Start of EXERCISE DATA
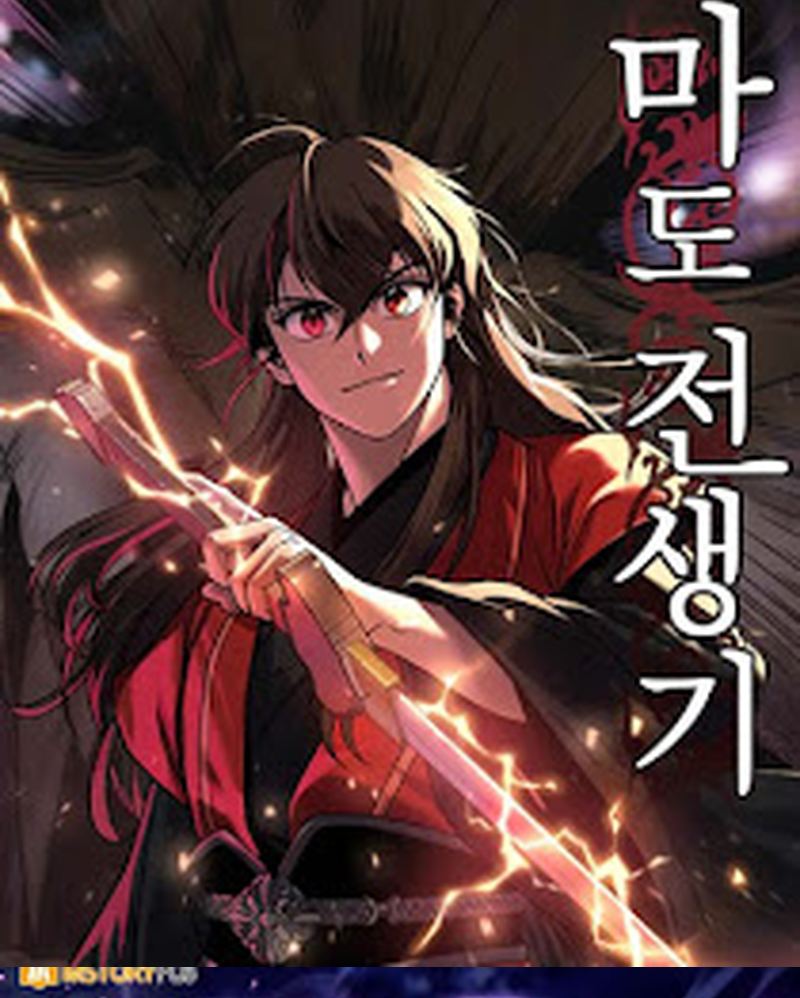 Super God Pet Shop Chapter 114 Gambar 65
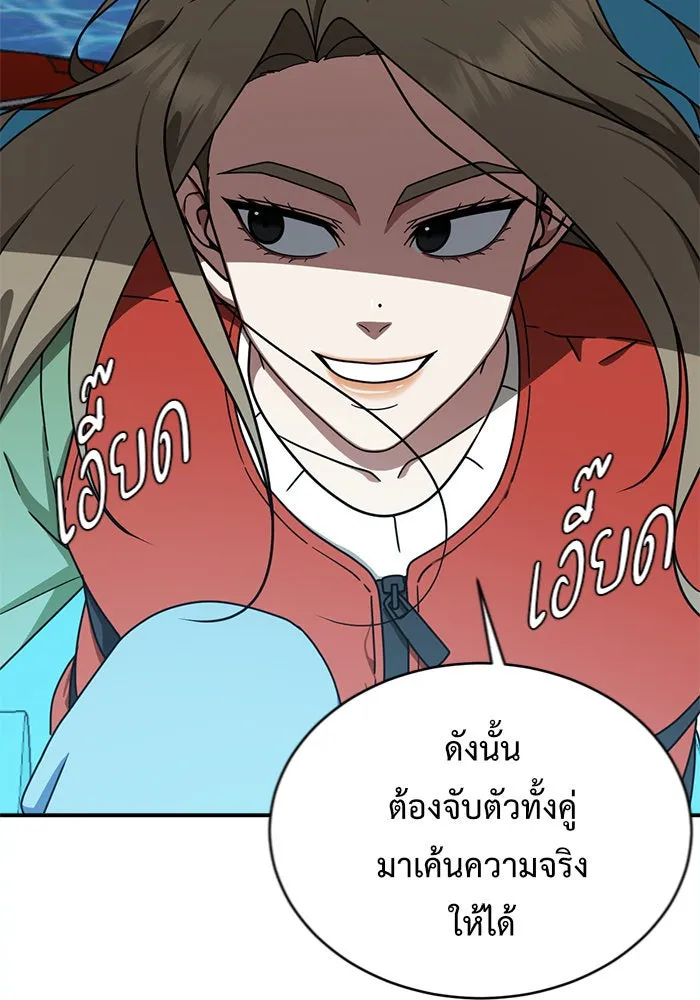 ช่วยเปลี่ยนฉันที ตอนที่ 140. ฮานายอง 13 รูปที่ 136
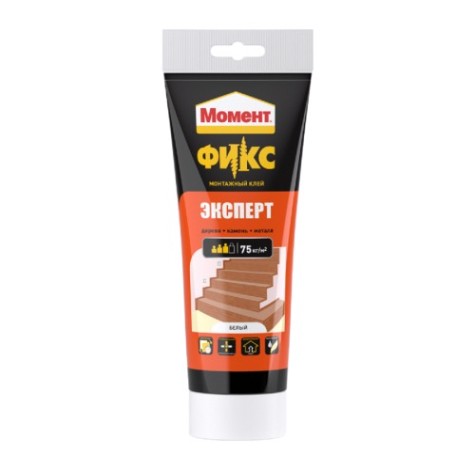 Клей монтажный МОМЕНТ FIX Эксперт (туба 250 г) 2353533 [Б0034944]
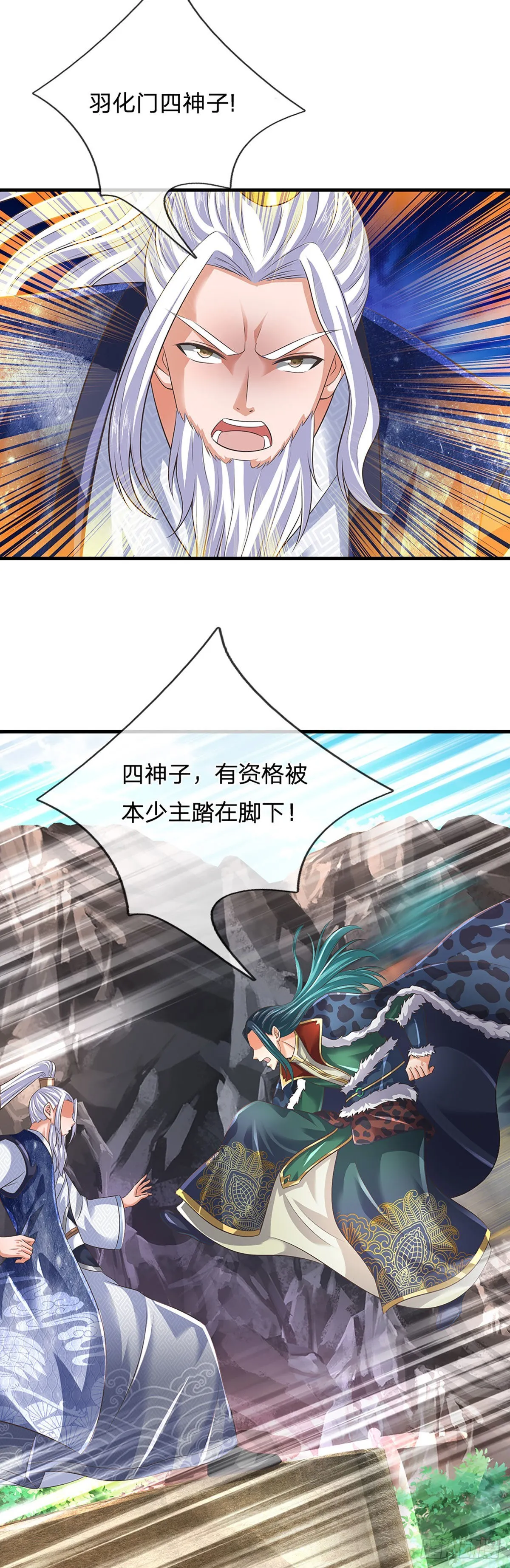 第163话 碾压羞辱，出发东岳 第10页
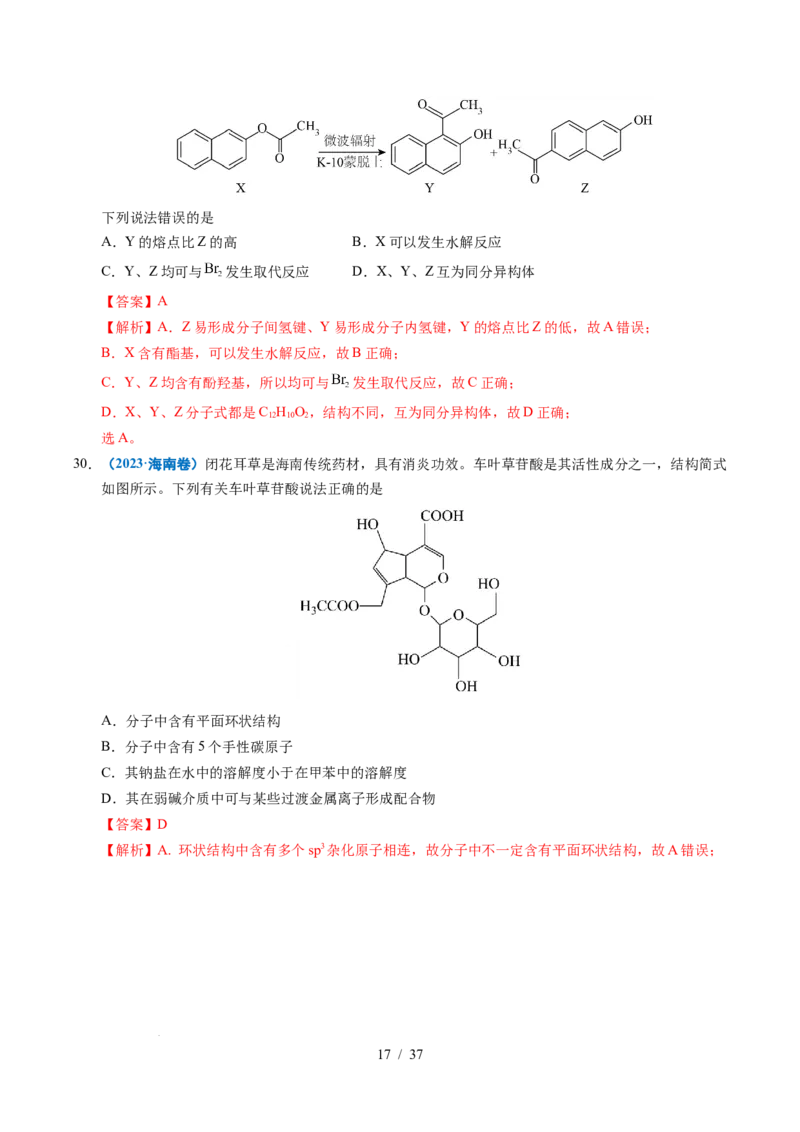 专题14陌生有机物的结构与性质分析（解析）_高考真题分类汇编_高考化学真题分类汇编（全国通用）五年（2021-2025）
End of EXERCISE DATA
• WORK ITEM: Copy out all the entries precisely. No images.

• RESPONSE TO THE TASK:
 Super God Pet Shop Chapter 114 Gambar 65
 ช่วยเปลี่ยนฉันที ตอนที่ 140. ฮานายอง 13 รูปที่ 136
 Клей монтажный МОМЕНТ FIX Эксперт (туба 250 г) 2353533 [Б0034944]
 第163话 碾压羞辱，出发东岳 第10页
 专题14陌生有机物的结构与性质分析（解析）_高考真题分类汇编_高考化学真题分类汇编（全国通用）五年（2021-2025）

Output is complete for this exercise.